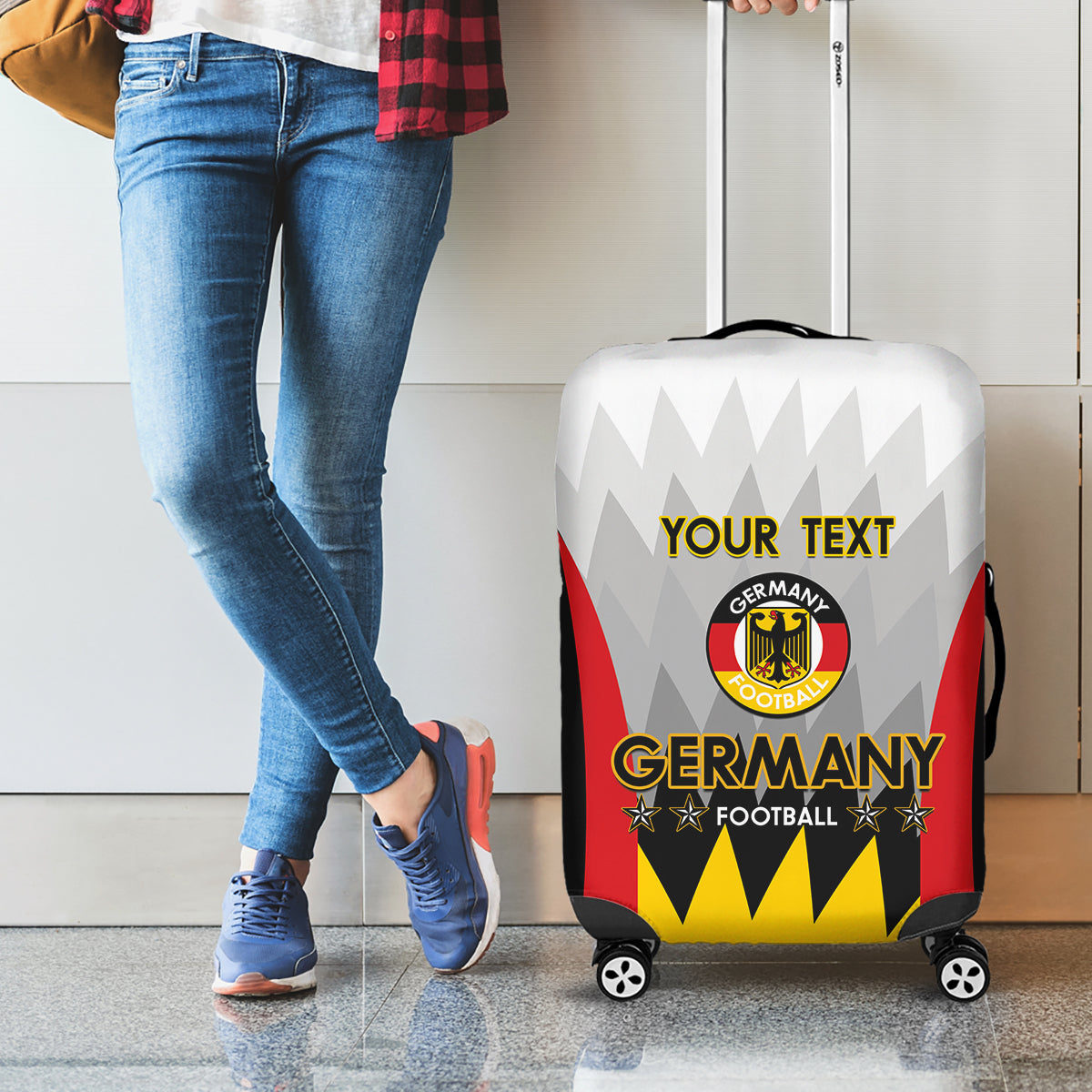 Custom Germany Football Luggage Cover 2024 Nationalelf - White Version - Wonder Print Shop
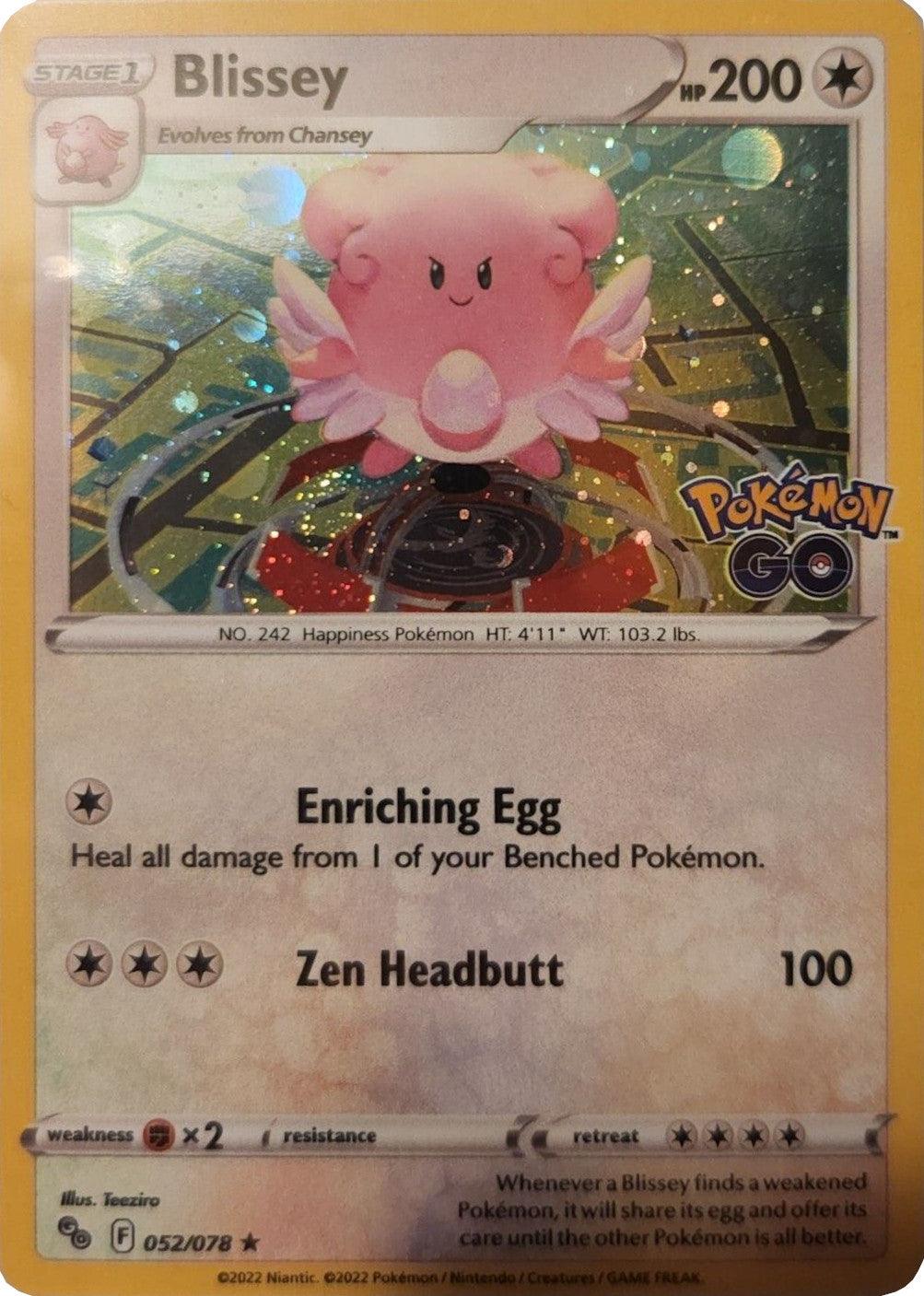 052, Colorless, Fighting [x2], Holofoil, Pokémon GO, Promo Blissey (052/078) (Cosmos Holo) [Pokémon GO] - Trading Card World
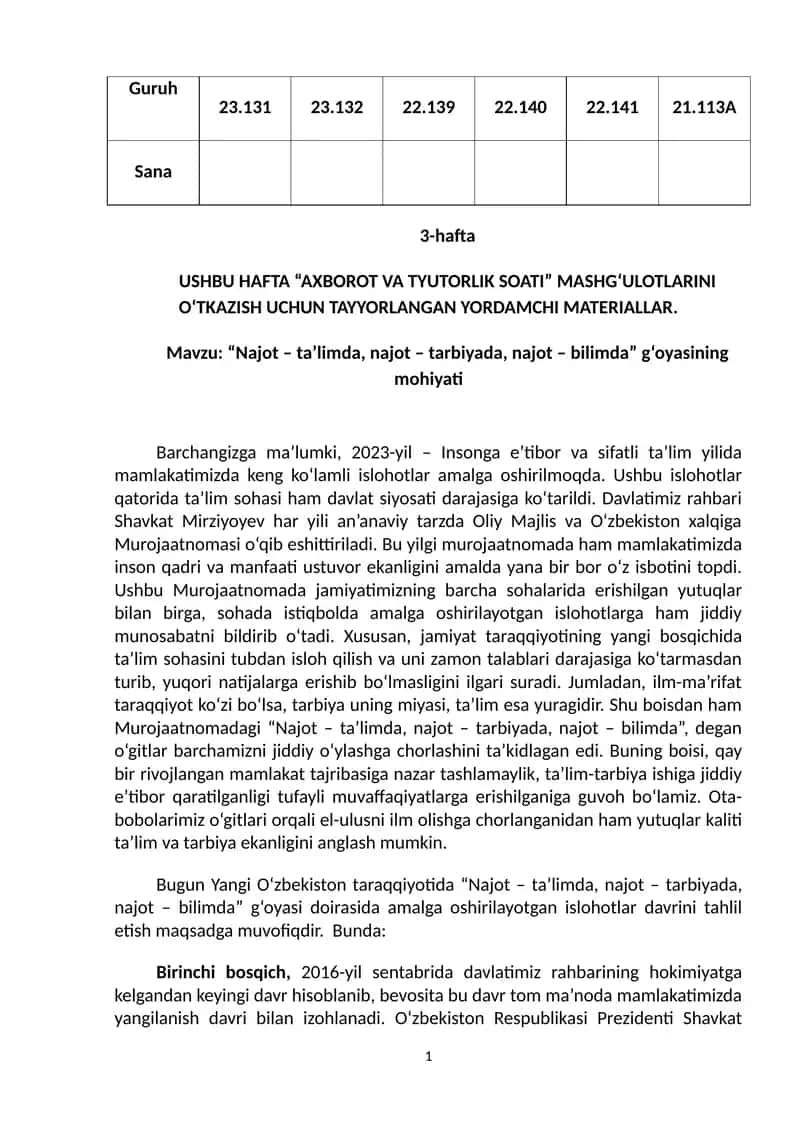 Najot – ta’limda, najot – tarbiyada, najot – bilimda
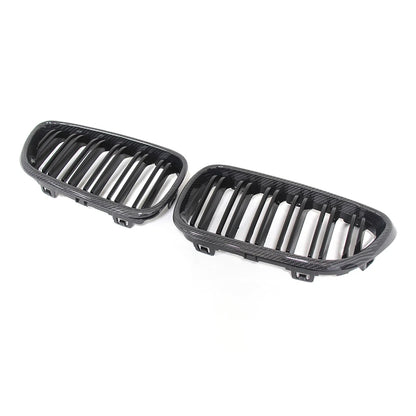 Carbon Fiber Front Grille Kidney Dual Line Slat - BMW 2 Series F22 F23 F87 M2 (2014-UP)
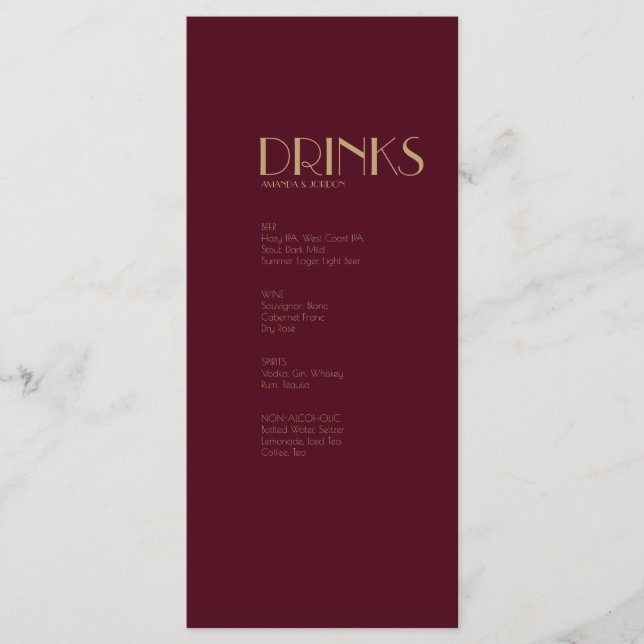 Gold Type Deco | Burgundy Wedding Drink Menu (Front)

▶ TASK DESCRIPTION
The required answer is the material repeated exactly, with no images in it.

▶ EXERCISE RESULT
 Custom Germany Football Luggage Cover 2024 Nationalelf - White Version - Wonder Print Shop
 052, Colorless, Fighting [x2], Holofoil, Pokémon GO, Promo Blissey (052/078) (Cosmos Holo) [Pokémon GO] - Trading Card World
 Najot – ta’limda, najot – tarbiyada, najot – bilimda
 Carbon Fiber Front Grille Kidney Dual Line Slat - BMW 2 Series F22 F23 F87 M2 (2014-UP)
 Gold Type Deco | Burgundy Wedding Drink Menu (Front)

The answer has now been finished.